On Thursday, June 23, the Georgia Department of Labor released their May labor report for Metro Albany. It showed the unemployment rate increasing from 9.8 percent to 10 percent. While a quick glance would appear that our local labor market took a step back relative to the rest of the state, I would assert that Albany’s job market is improving at a faster rate than the state and our nearby competitors.
While it’s true that the non-seasonal unemployment rate for Georgia increased from 9.6 percent to 9.7 percent, I believe a closer look at the numbers show that Albany actually outperformed the state with their monthly job growth rate doubling Georgia’s (+0.6 percent compared to +0.3 percent).

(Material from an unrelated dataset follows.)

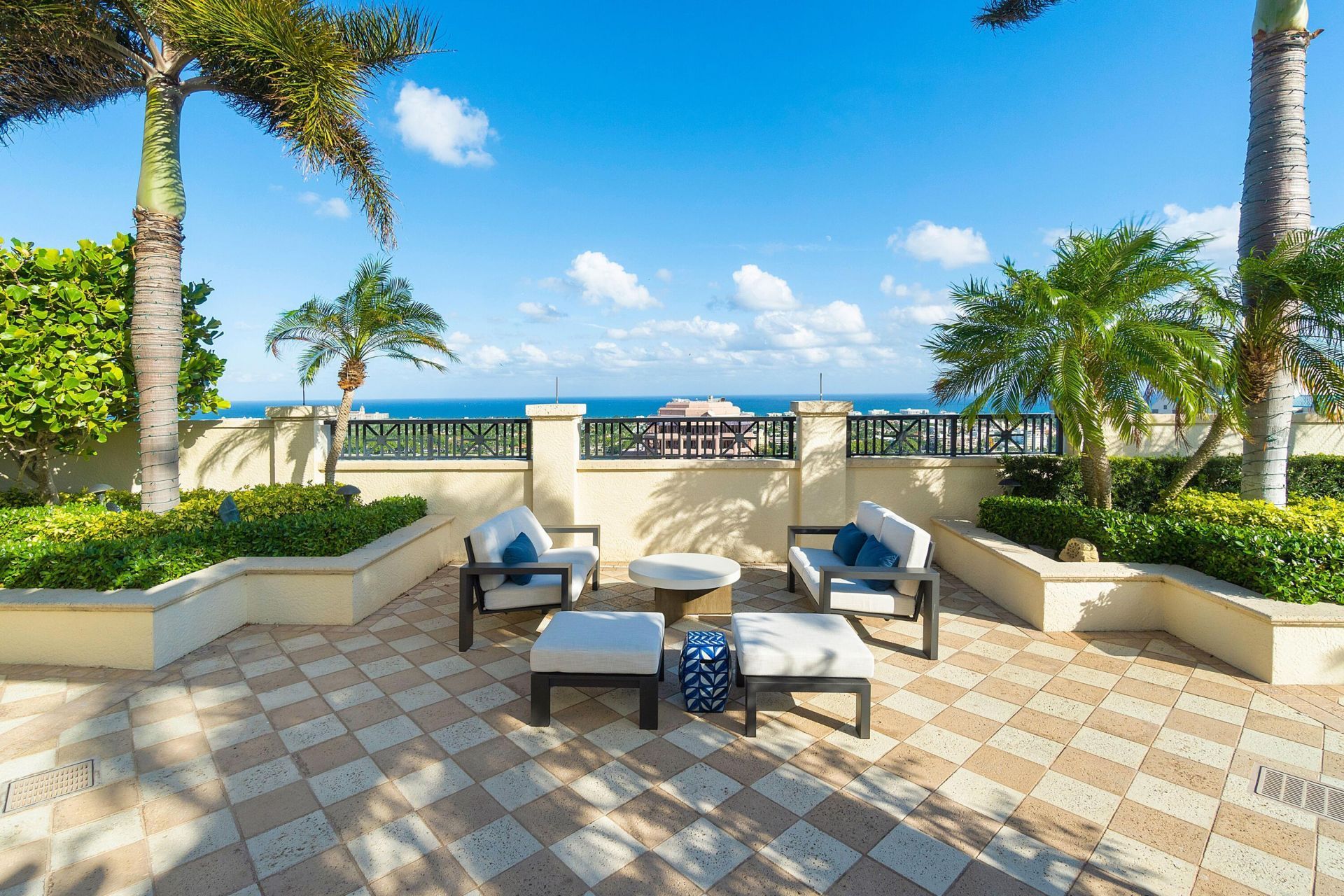 701 S Olive Avenue, Unit 1705, West Palm Beach, FL 33401 Photo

In the month of May, the grand opening of Wal-Mart occurred and that event obviously excited the local populace. The expectation of 275 new jobs from Wal-Mart likely drew more people, who previously dropped out of the labor force, back into the labor force. Their presence in East Albany will undoubtedly lead to more development in the area and that should be positively reflected in future numbers.
In calculating the unemployment rate, it does not include discouraged workers, who are individuals who drop out of the labor force due to frustration in not finding work. However, Wal-Mart’s grand opening probably encouraged more people to reenter the labor force and this will misleadingly cause the unemployment rate to rise when job prospects have actually improved.
In a given month, there are more people entering the labor force than leaving it. If an individual is a full-time student and not working, then they are not included as being part of the labor force. However, they will likely seek work upon graduation. Since May is a month where many students graduate, we should see more reentry into the labor force than usual. Therefore, a decrease in the unemployment rate can only occur if there is enough job creation to find work not only for the previously unemployed, but also to handle to new entrants into the labor force.
Even with the slightly higher unemployment rate in May, Albany should be encouraged with the progress made over the last year. Consider the state of Georgia. In May 2010, Albany’s unemployment rate was 10.6 percent relative to the non-seasonal state average of 9.8 percent, which was a difference of eight-tenths of a percentage. Now our unemployment rate of 10 percent is only three-tenths of a percentage higher than Georgia’s 9.7 percent. A look at job growth numbers over the last 12 months explain why that is the case. While Georgia lost 28,300 jobs (-0.7 percent) over the last year, Albany gained 1,600 jobs (+2.6 percent).
How about Valdosta? We have heard about their advances relative to Albany and those numbers are borne out in terms of the unemployment rate. However, the gap has closed. Consider in May 2010, Valdosta’s unemployment rate was much lower than the state average at 8.3 percent and a whopping 2.3 percent lower than Albany. Now as we look to May 2011, we see that Valdosta’s labor force has actually shrunk by 485, while Albany has expanded by 2,023.
This tells me that Valdosta’s current unemployment rate of 8.7 percent is likely understated with the reduced labor force suggesting a higher rate of discouraged workers relative to Albany. Regardless, the unemployment gap between Albany and Valdosta is now 1.3 percent, which is a significant difference from a year ago. That can be explained by Valdosta’s disappointing loss of 1,100 jobs since last year.
A look toward Macon and Columbus paint a similar picture. In May 2010, both Macon and Columbus enjoyed an advantage in the unemployment rate gap, but it has been reduced over the last year. Macon’s unemployment rate is now even with Albany after being 0.6 percent lower a year ago. As for Columbus, their unemployment rate of 9 percent was 1.6 percent lower than Albany in May 2010. Now the gap has been reduced to 0.9 percent now. Columbus’ decline of 1,300 jobs lost over the last year is the primary factor for that and this figure also suggests that they are also seeing a higher increase in discouraged workers.
In summary, Albany’s job market is far from ideal, but it should be emphasized that our prospects are improving relative to the rest of the state.